Repairing and strengthening our social capital would, thus, be a prerequisite for our social, political, and economic progress. When we have strong social capital, we can learn from each other’s repertoire of tacit and explicit knowledge. By doing so, we can emancipate ourselves from ignorance, traps of chronic poverty, and self-centred political ideologies. Strong social and institutional capital is the most viable way to cultivate planetary citizenship – i.e. citizens that take responsibilities and stress intergenerational relations of individuals and communities.
Hence, for a better future, we should work on issues that can bring cooperation, goodwill, fellowship, mutual sympathy, and solidarity among our communities. To stand as a nation, any society needs collective assets. To this end, I believe, the following groups are among the leading stakeholders responsible for the (re)development of our social and institutional capital.
Higher education institutions (HEIs): generally speaking, HEIs are regarded as key institutions in the process of social and economic development. Therefore, it is their primary goal to help students develop cognitive skills for critical thinking, effective cross-cultural communication, empathy, the ability to recognize differences, and deep understanding of responsibilities for oneself and others. Fostering principles of sustainable development and democratic citizenship in the wider society is the other goal of HEIs. By doing so, they are expected to facilitate new cultural values of functional relations among different groups and to enhance the interdependence among communities.
The government: to instil a deep sense of understanding among communities, we need formal and informal institutional interventions. Effective political, economic, social and cultural institutions can serve as mediators of common values and interests between different communities. The government, therefore, should support institutions that promote social cohesion.
If we have a well-developed institutional capital, we can nurture our citizens with skills of non-judgmental observation, cooperation, and respect for others’ values without abandoning one’s own. From which, we can develop sensitivity, humility and respect – which are the basis for strong social capital in general and democratic way of life in particular. To the contrary, a depleted social capital would cause social distrust, political disengagement, bad governance, and it would increase the government’s cost of regulation enforcement. Thus, our government is responsible for designing programs that can promote habits of cooperation and trust among communities and between itself and the public.
Political and social media activists: these groups of people should not merchandise themselves or chase their selfish interest at the expense of peaceful co-existence of communities.

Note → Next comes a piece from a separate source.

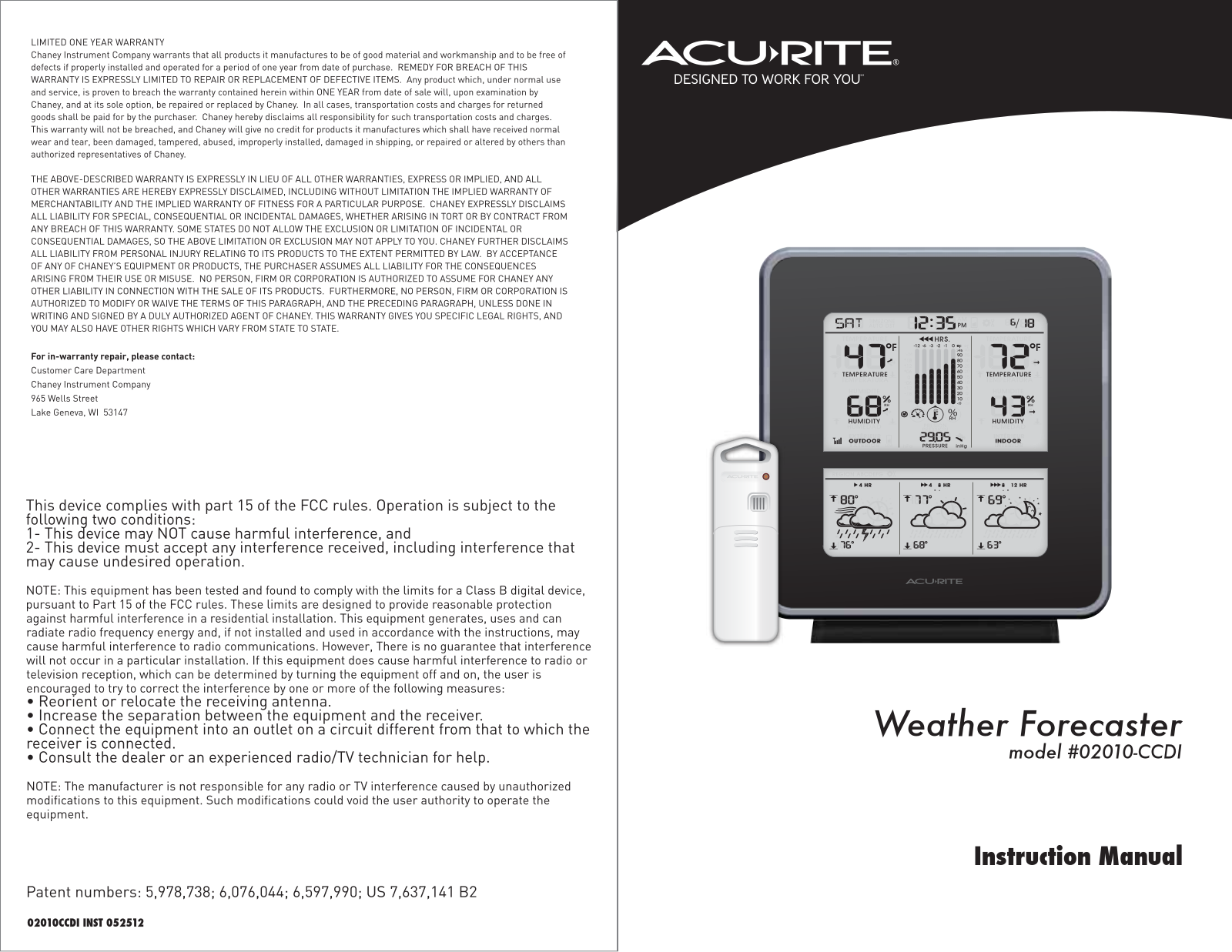 Acu-Rite 02010CDI User Manual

If politicians and the self-claimed social media activists genuinely intend to fight injustice, fighting the unfairness against all humanity would have been their noble cause. What we observe today, however, is that the vast majority of them esteem ethnicity and their benefits over humanity. In this sense, the argument is simple to refute their self-styled activism. The humanness of any (human) community is second to none. And, any community’s ethnic identity is a secondary attribute. Therefore, there might not be a better example to attest the irrationality and ignobleness of a politician or a social media activist other than his/her own actions of quashing humanness to defend ethnicity. In their provincial political ideology and egotism, the vast majority of our political leaders and so-called activists are breeding clientelistic social and political structure which can wreak havoc the fabric of social trust and national consensus. Their clientelistic political rhetoric would put us into a quagmire of corrupted social and political structure.
Thus, our politicians and activists should have to tame their egotism and provincialism and capitalise on humanism. If they candidly stand for the well-being of their communities, they would have used their time and energy to facilitate cooperation and trust-building between communities instead of spreading hate speech and working earnestly to ascertain how irreconcilable our differences are.

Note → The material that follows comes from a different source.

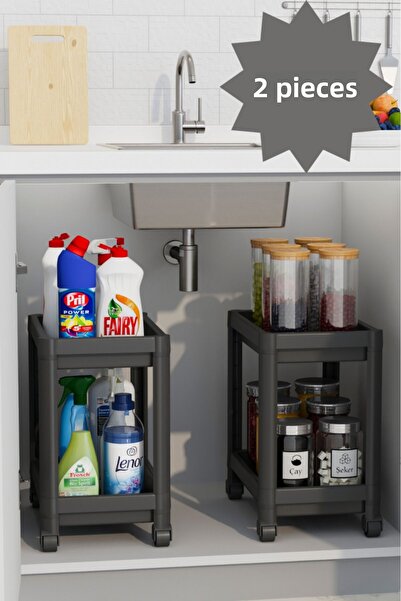 Heredot 2 قطعة رف مطبخ أسود بعجلات ذو طبقتين للحمام تحت الطاولة Mit1122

Leaders: our social, cultural, economic, and political leaders should develop their perceptual acuity. If leaders are not able to see through the fog of uncertainty (as we are today), they will fail to act proactively. Thus, it is hard to trust them as leaders if they cannot rationally anticipate the future of their communities based on existing socio-political and economic context.

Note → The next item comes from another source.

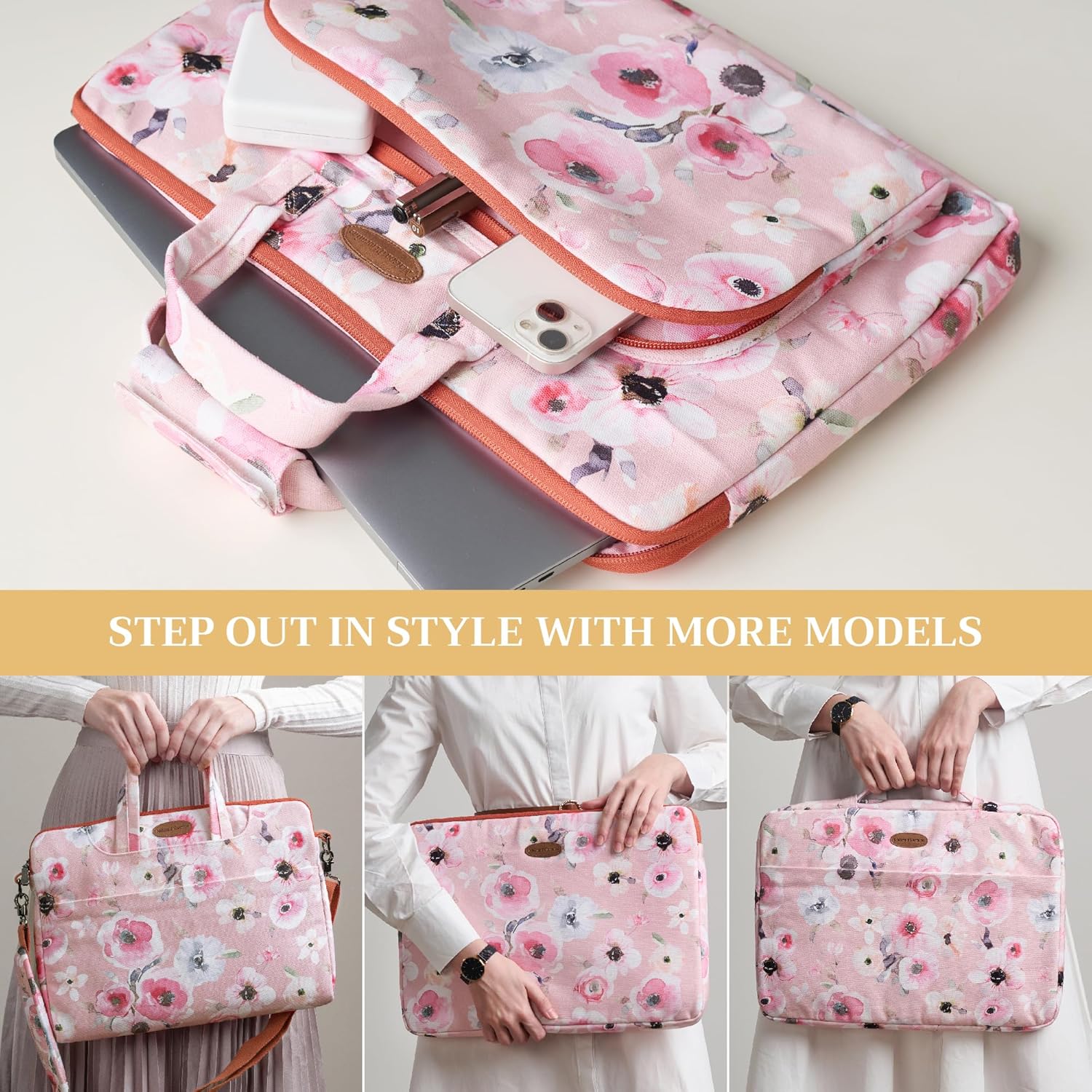 Maison d'Hermine Laptop bag with front pocket Stain and water repellent Cotton canvas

Therefore, our leaders, the different social and economic institutions, the government, and political elites should not overlook the dwindling social capital in our communities. Trust and strong relationships between different communities facilitate the production of economic and non-economic benefits. A strong social and institutional capital is, thus, a basis for our nation’s progress in all aspects.
Ed.’s Note: Kibrom Berhane is studying for his Master’s Degree in Research and Innovation in Higher Education in Finland. The views expressed in this article do not necessarily reflect the views of The Reporter. He can be reached at [email protected]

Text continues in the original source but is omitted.